Duke Ellington (featuring Harry Carney): Frustration
Duke Ellington (piano)
Duke Ellington Presents (Bethlehem 5019)
Clark Terry, Willie Cook, Cat Anderson (trumpets), Quentin Jackson, John Sanders, Brit Woodman (trombones), Russell Procope, Jimmy Hamilton, Johnny Hodges, Paul Gonsalves (reeds), Jimmy Woode (bass); Sam Woodyard (drums).
Composed by Duke Ellington.
Recorded: February 1956
Rating: 90/100 (learn more)
Harry Carney played the role of personal driver, trusted confidant and all-around best friend to the Duke throughout the majority of his career. Their strong extra-musical relationship extended to the bandstand, where Ellington's baritone-centric reed arranging propelled Carney's rich, round tone into the forefront of the world's finest big band. After Ellington/Carney, it was possible, and more importantly, desirable, to view the baritone sax as a legitimate frontline instrument perfectly appropriate to carry the lead. And just as Ellington himself did for the entire big band genre, Carney provided a beacon to successive generations of baritone saxophonists.

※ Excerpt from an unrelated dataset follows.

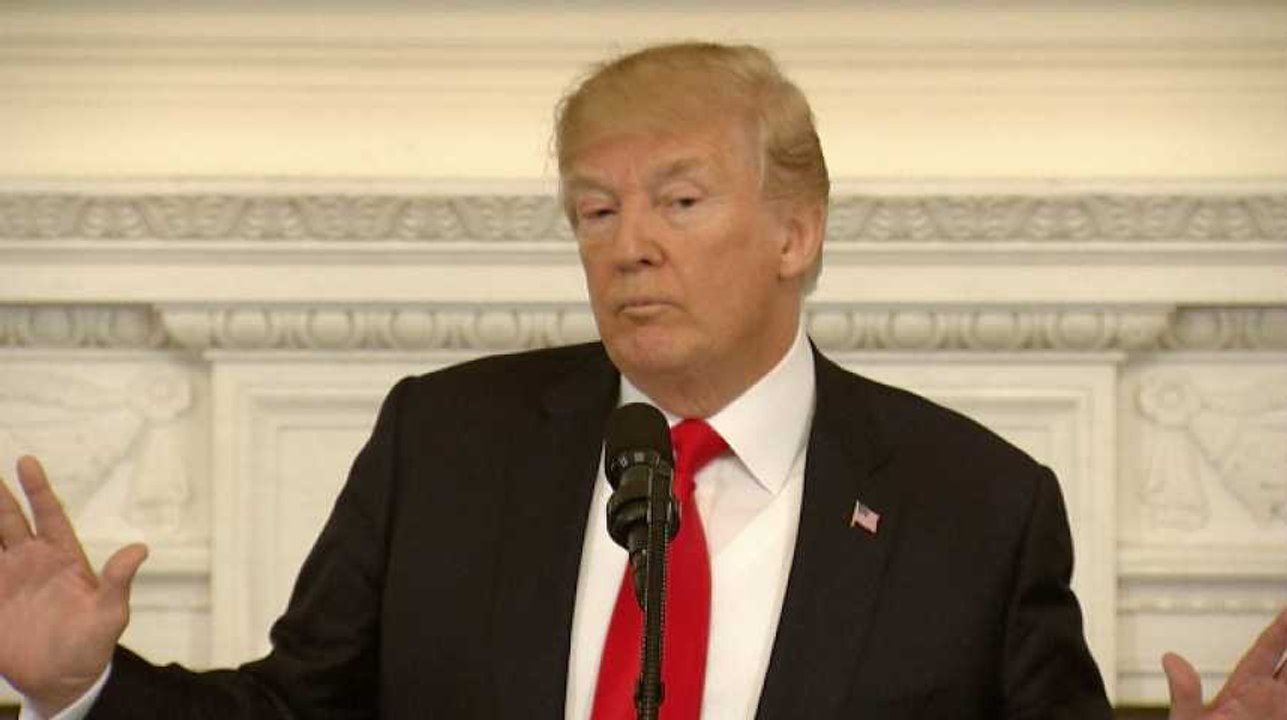 Trump: "Je serais rentré dans l'école, même sans arme"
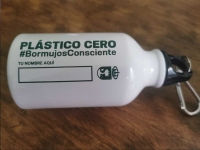 Bormujos elimina del uso municipal los vasos desechables y reparte botellas de aluminio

While Ellington classics such as "Sophisticated Lady" and "In a Mellotone" feature Carney's baritone in a leading role, "Frustration" is probably the strongest start-to-finish feature Ellington/Strayhorn wrote with Carney in mind. ("Sono" and "Agra" are two other fine examples.) Even though this is a rather late example, the smooth, just-right tone heard here had been Carney's strongest asset since the 1930s. Note how he chooses to suppress the instrument's power during the middle of his phrases in order to provide an unparalleled low-end punch to conclude (or sometimes, to begin) a powerful line.